How does the result change with several successive calls to ``hxtorch.perceptron.matmul``?
^^^^^^^^^^^^^^^^^^^^^^^^^^^^^^^^^^^^^^^^^^^^^^^^^^^^^^^^^^^^^^^^^^^^^^^^^^^^^^^^^^^^^^^^^^

Due to its analog nature, the BrainScaleS-2 ASIC provides slightly
different values for each call. Quantify the noise on each neuron!

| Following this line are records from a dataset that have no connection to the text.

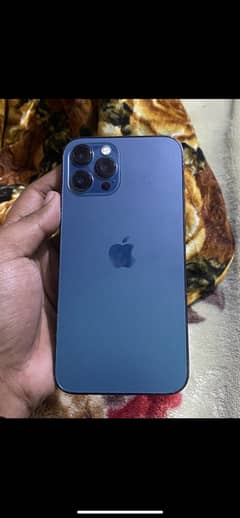Bt 84% 256gb jv non pta condition 10/8.5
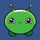 aleJohnny's avatar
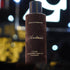 Anstasia EDP 100 ml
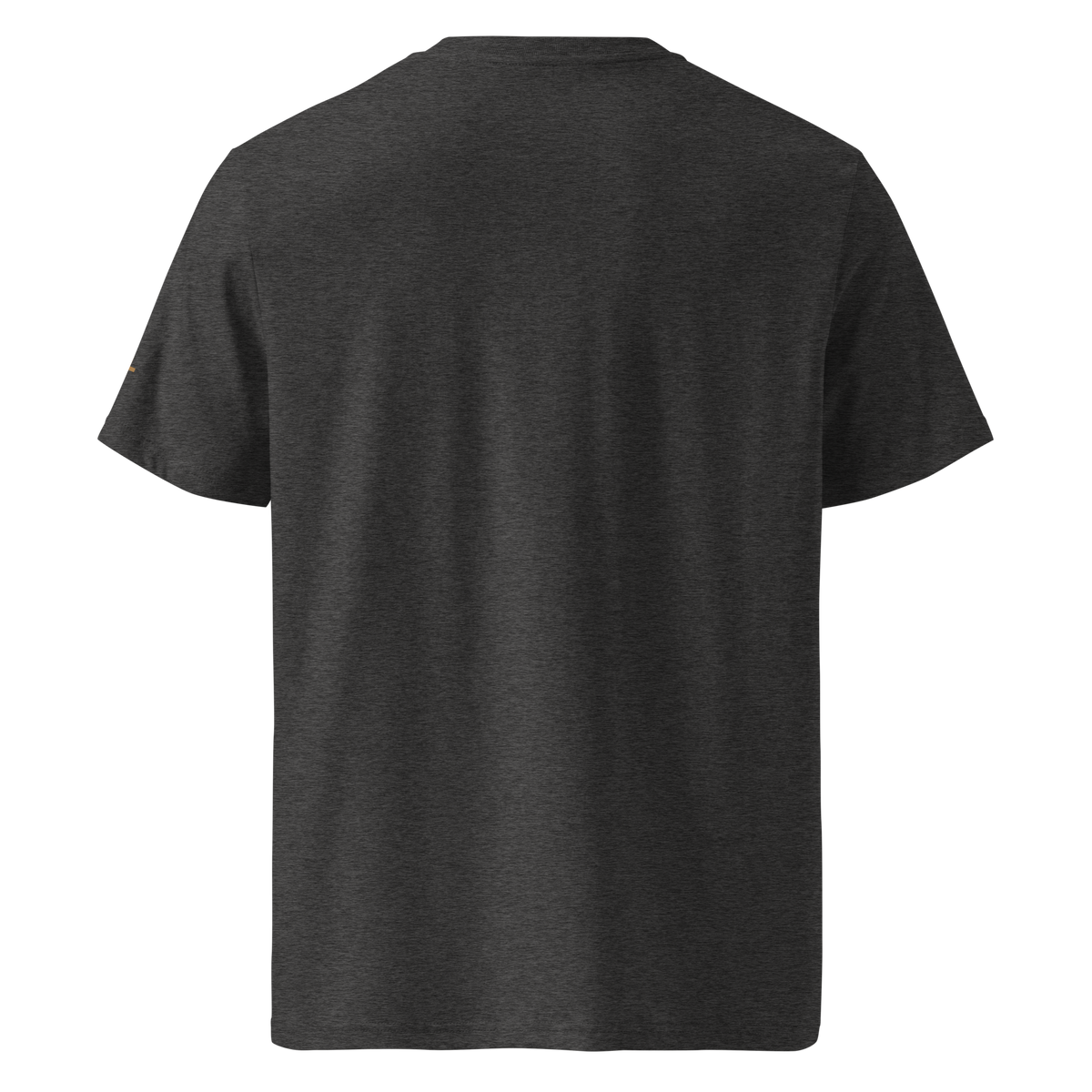 Pray Pray Pray, Printed Tee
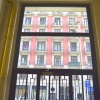 Отель Exquisite Designer 3br Pg Gracia Apt - Lamimosa, фото 16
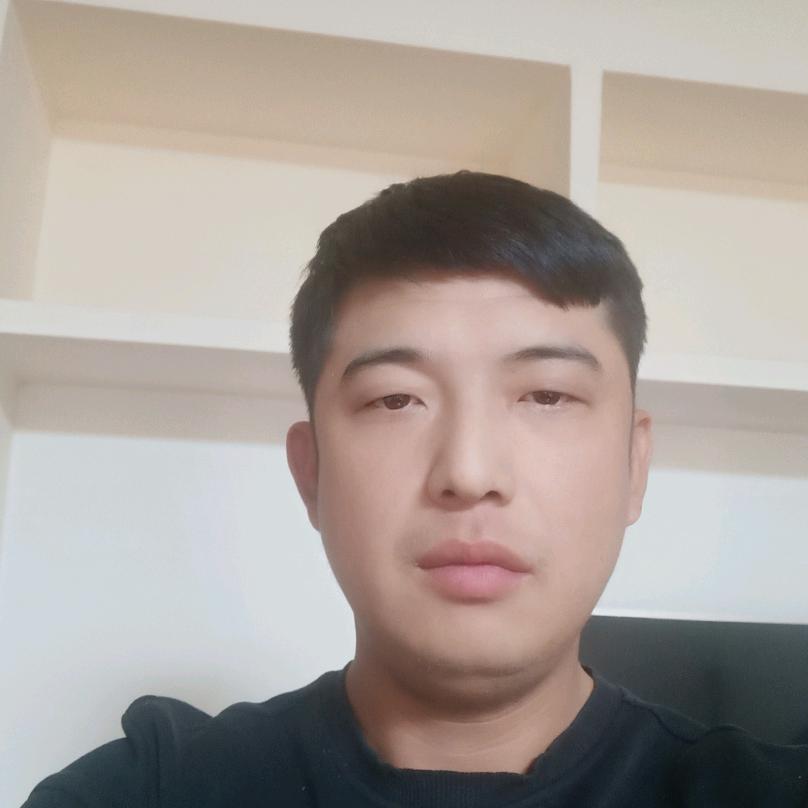 黑坑钓鱼沈大师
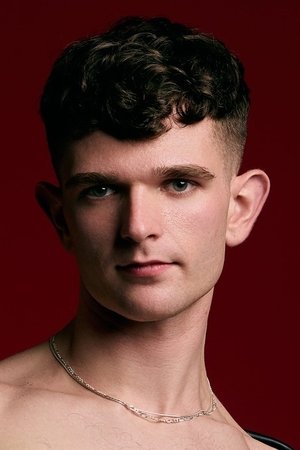 Canyon Cole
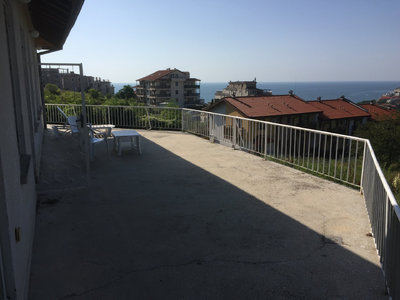 Prodej rodinného domu, 290m²
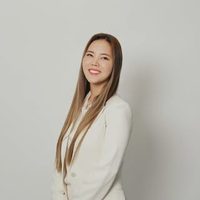 @drelliekim profile picture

What is the relationship between input and output? Is it linear?
^^^^^^^^^^^^^^^^^^^^^^^^^^^^^^^^^^^^^^^^^^^^^^^^^^^^^^^^^^^^^^^^

We have seen that the relationship between weight and output is quite
linear at intermediate values. How, on the other hand, does the output
change with changing inputs and constant weight? Is the relationship
linear?

Negative inputs?
^^^^^^^^^^^^^^^^

The inputs to the multiply accumulate operation correspond to the time a
current flows on neuron membranes, which means they must be positive
only. How would it still be possible to allow negative inputs in a
calculation?

.. jupyter::
    :cell-break:

The integration with PyTorch allows the MAC to be used very easily for
conventional machine learning. For this, the forward pass is computed with
the ASIC, the backward pass on the host computer. The example for training
DNNs shows such a usage.